②の切迫性尿失禁は、突然強烈な尿意を感じ(尿意切迫感)、トイレに行く途中で排尿するのが間に合わずに尿が漏れる状態で、多くは膀胱に問題があるために生じます。男女とも加齢に伴って発生頻度は増加します。
①と②を合併したものが③の混合性尿失禁で、腹圧性尿失禁の女性の約30%は切迫性尿失禁を合併すると言われています。
④の溢流性尿失禁は、膀胱に貯まった尿を出し切ることが出来ず、たらたらと漏れてくる尿失禁で、前立腺肥大症による残尿の増加、糖尿病などによる膀胱支配神経の障害などが原因となります。
⑤の機能性尿失禁とは、歩行障害などでトイレまで間に合わない、または認知症でトイレの場所がわからない、などで生じる尿漏れの状態です。

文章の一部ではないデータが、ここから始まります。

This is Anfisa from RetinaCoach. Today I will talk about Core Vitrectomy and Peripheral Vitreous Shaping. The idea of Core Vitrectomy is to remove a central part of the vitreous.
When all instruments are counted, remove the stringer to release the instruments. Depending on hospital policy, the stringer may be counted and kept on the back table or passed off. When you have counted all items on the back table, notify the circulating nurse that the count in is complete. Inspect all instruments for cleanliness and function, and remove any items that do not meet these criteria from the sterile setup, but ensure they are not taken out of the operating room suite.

治療は、①行動療法として、水分やカフェイン接種を控える生活指導や、少しずつ排尿間隔を延長することにより膀胱容量を多くする膀胱訓練、が有効です。
②膀胱の収縮を抑える薬を内服する薬物用法では、現在様々なお薬が開発され、尿失禁が劇的に改善するようになりました。
腹圧性尿失禁は咳、くしゃみ、急に立ち上がる、などの腹圧が急にかかる動作によって生じる尿漏れで、多くは膀胱の出口の尿道に問題があり、子どもを産んだ経験のある中高年の女性に多く見られます。

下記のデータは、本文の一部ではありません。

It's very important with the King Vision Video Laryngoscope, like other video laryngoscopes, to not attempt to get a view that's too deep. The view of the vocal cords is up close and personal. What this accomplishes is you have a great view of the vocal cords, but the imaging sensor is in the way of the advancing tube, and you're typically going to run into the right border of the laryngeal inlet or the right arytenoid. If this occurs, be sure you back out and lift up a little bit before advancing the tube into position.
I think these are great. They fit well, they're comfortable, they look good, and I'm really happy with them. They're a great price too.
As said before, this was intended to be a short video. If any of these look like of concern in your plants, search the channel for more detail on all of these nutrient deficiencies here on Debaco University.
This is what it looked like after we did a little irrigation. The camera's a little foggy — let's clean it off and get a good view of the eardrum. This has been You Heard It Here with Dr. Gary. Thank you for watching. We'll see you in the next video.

治療は切迫性尿失禁と重なる部分がありますが、重症の場合は手術が必要となることもあります。
尿漏れは、いつ頃から、どのような時に、どのくらい漏れるのかを十分把握し、どの尿失禁の分類に当てはまるのかを正しく診断できれば十分コントロール可能です。
生活の質を良くするため、恥ずかしがらずに医療機関を受診することをお勧めします。